How does a business car loan work
A business car loan, also known as a commercial car loan, is a type of finance that you can use to purchase a vehicle for your business.
Cars, vans, and certain types of trucks are covered by these loans. Business car loans are similar to personal car loans in that you borrow money to buy a car and then repay it over time, plus interest.
People and businesses seeking financing for vehicles to be used in their businesses or for their workers are eligible for car loans.
We can save you time and money by finding you the best business car finance from hundreds of loans offered by almost 30 lenders. We do the the hard work so you can concentrate on doing business.
Business car loans come in a few different varieties that work in different ways. What they all have in common is that they allow you to get the vehicles you need to conduct your business without having to pay for the full cost up front. This frees up funds to be used for other business needs. You then make regular repayments to the lender which can be funded with business revenue.

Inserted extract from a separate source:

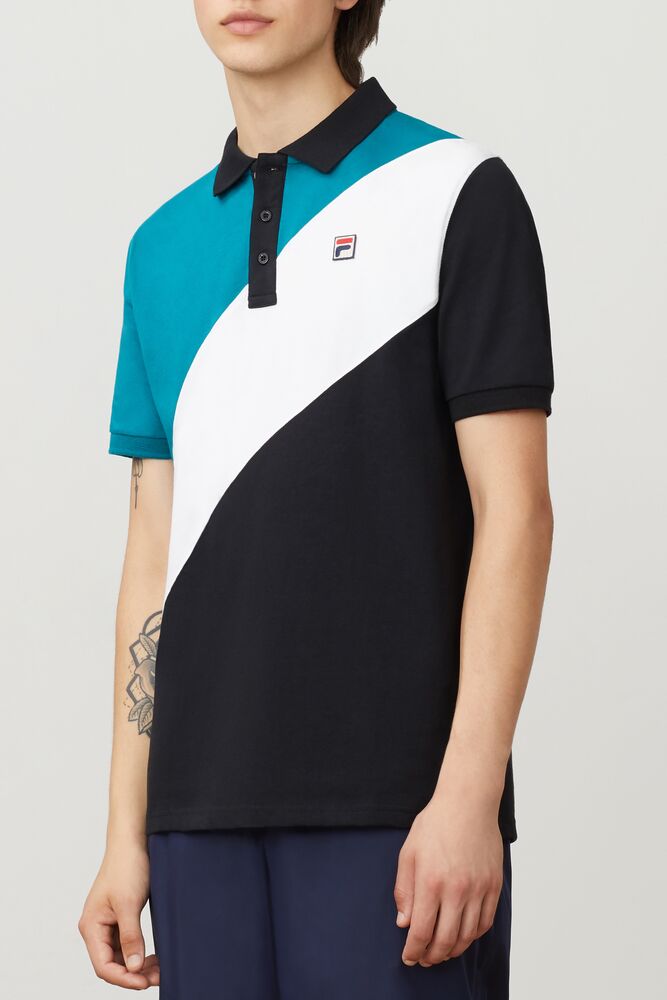 Fila Reus Polo Blk/Hblu/Wht | UMLS30589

Benefits of business car loans
When you’re buying a car you have two options. Either pay cash for it upfront or finance it with a loan. While car finance might be something you’ve shied away from in the past, there are some advantages of going with this option.
You can get a loan for the entire cost of the vehicle. You don't have to wait until you've saved up all or even a portion of the money if you need a car right now. In just the time it takes to prepare your vehicle and organise the paperwork, you can drive away in a new automobile. Car financing makes a lot of sense if the monthly loan payments are affordable.
Vehicle financing may be tax deductible. If you own a business and it borrows money to buy a company car, the finance charges may be tax deductible. Check with your accountant, but typically you can deduct interest on a car loan, insurance payments, repairs, and maintenance, among other things.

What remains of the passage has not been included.